Chapitre 2
Et c'est ainsi que je finissais les quatre parchemins de mon devoir de potion par une de mes conjectures habituelles.
"En conclusion, les quatre ingrédients que j'ai cité responsable d'hyponatrémie pourraient être utilisés, en proportions calculées, dans la création d'une potion anti-hypertensive. Tout comme il paraît envisageable de les utiliser dans une potion d'amaigrissement progressif."
Je reposai ma plume et pus enfin soupirer, fière de moi, c'était mon dernier devoir de la journée et j'avais pu le finir avant l'entraînement de Quidditch...
-Tu as terminé? Lança Hermione, sortant son nez d'un grimoire d'Arithmancie.
Un petit sourire lui répondit, regard défiant de sa part, avant qu'elle ne se penche pour lire les cinq dernières lignes. Ses sourcils se froncèrent au fur et à mesure. Merlin, c'était reparti...
-Khorine! Tu as encore exposé tes théories bizarres! Lâcha-t-elle dans un chuchotement furieux. Comment veux-tu avoir des bonnes notes si tu continues à écrire n'importe quoi?
-Mes théories sont documentées; répétai-je pour au moins la centième fois, et mon raisonnement se tient.
Ma meilleure amie croisa les bras, clairement désapprobatrice. Ses cheveux touffus semblaient toujours un peu plus en désordre dans ces moments-là.
-Mais le professeur Rogue n'apprécie pas! Tu n'auras jamais autre chose que des A si tu continues à n'en faire qu'à ta tête. Alors que tu pourrais avoir des Effort Exceptionnel comme moi.

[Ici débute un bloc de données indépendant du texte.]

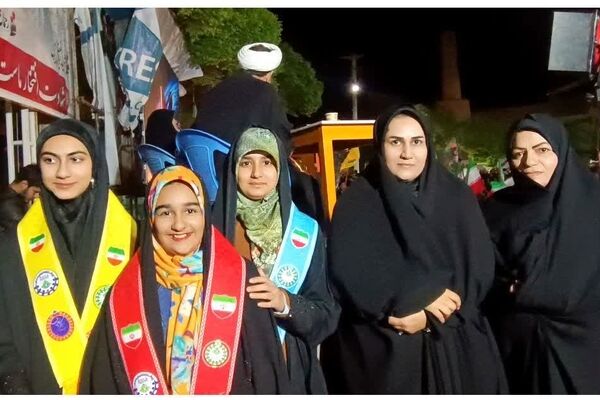 فعالیت دانش‌آموزان پیشتاز در موکب سازمان دانش‌آموزی ابرکوه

J'haussai les épaules et repris mes parchemins pour les rouler ensemble, les ranger.
-Tu n'as même aucune bonne raison pour justifier ton comportement! Réellement! Des EE pourraient changer ton dossier scolaire et te permettre...
Hermione était reparti, sans comprendre. Je n'arrêterais pas. Jamais.

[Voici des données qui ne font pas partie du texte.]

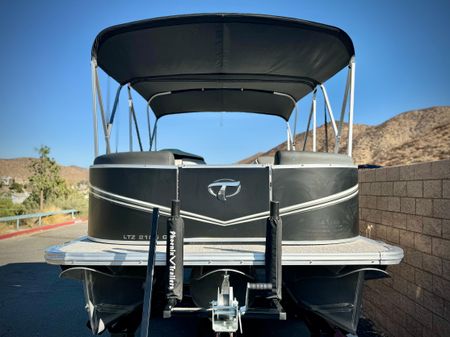 Tahoe-pontoon LTZ-QUAD-LOUNGER image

-Une raison! Une seule bonne raison pour justifier ton attitude! Tempêtait-elle dans un souffle.
Mon regard bleu océan percuta le sien, chocolat et furieux.

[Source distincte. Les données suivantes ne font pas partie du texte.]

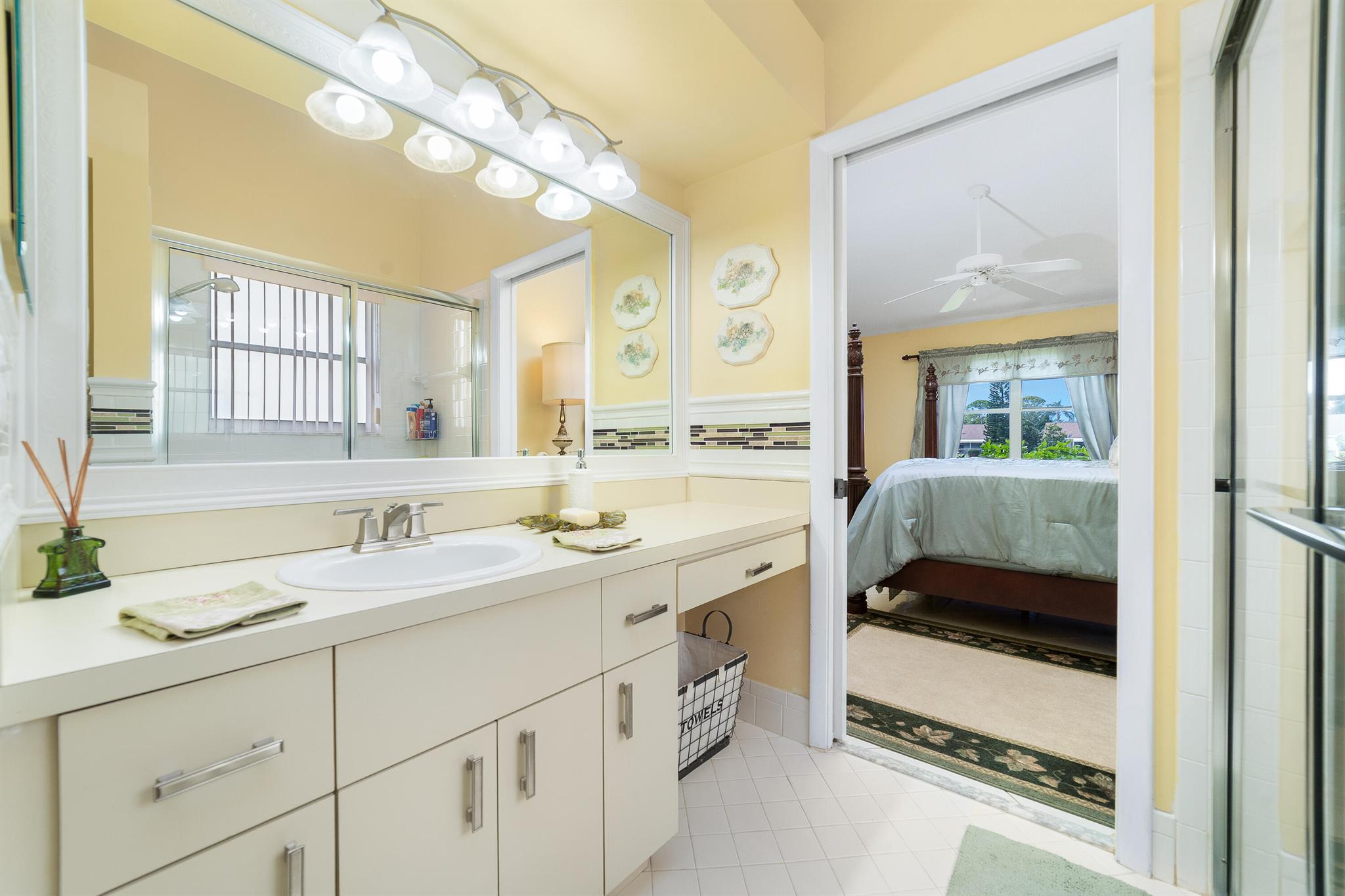 VILLAGES OF WOODLAKE 4 - Residential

-J'aime ce que je fais Hermione, au lieu de seulement chercher et apprendre les propriétés des ingrédients, je vais plus loin, j'essaye de les assembler et d'imaginer leurs effets combinés. Tu comprends? Je fais passer mes recherches pour du travail scolaire. Et j'apprends petit à petit le métabolisme du corps humain, sa physiologie...
Un étincelle brûlait au fond de mes yeux, Hermione claqua sèchement sa langue contre son palais. Pas convaincue... Je soupirai, puis me levai de notre banc et pris les cinq grimoires qui m'avaient permis de finir mon devoir.
-Cette conversation n'est pas finie! Murmura-t-elle en reprenant un peu trop brusquement son manuel d'Arithmancie.
Je secouai la tête, puis me détournai. Même Harry et Ron ne comprenaient pas. Ils ne cherchaient pas vraiment à comprendre non plus. En fait, il se trouvait que le seul qui puisse saisir le pourquoi de mon obstination était Neville. Neville qui pouvait débarquer à n'importe quelle heure du jour ou de la nuit avec un herbier, certaines fois un magazine d'Herbologie, pour m'entraîner dans une de ses quêtes végétales autour du Lac Noir.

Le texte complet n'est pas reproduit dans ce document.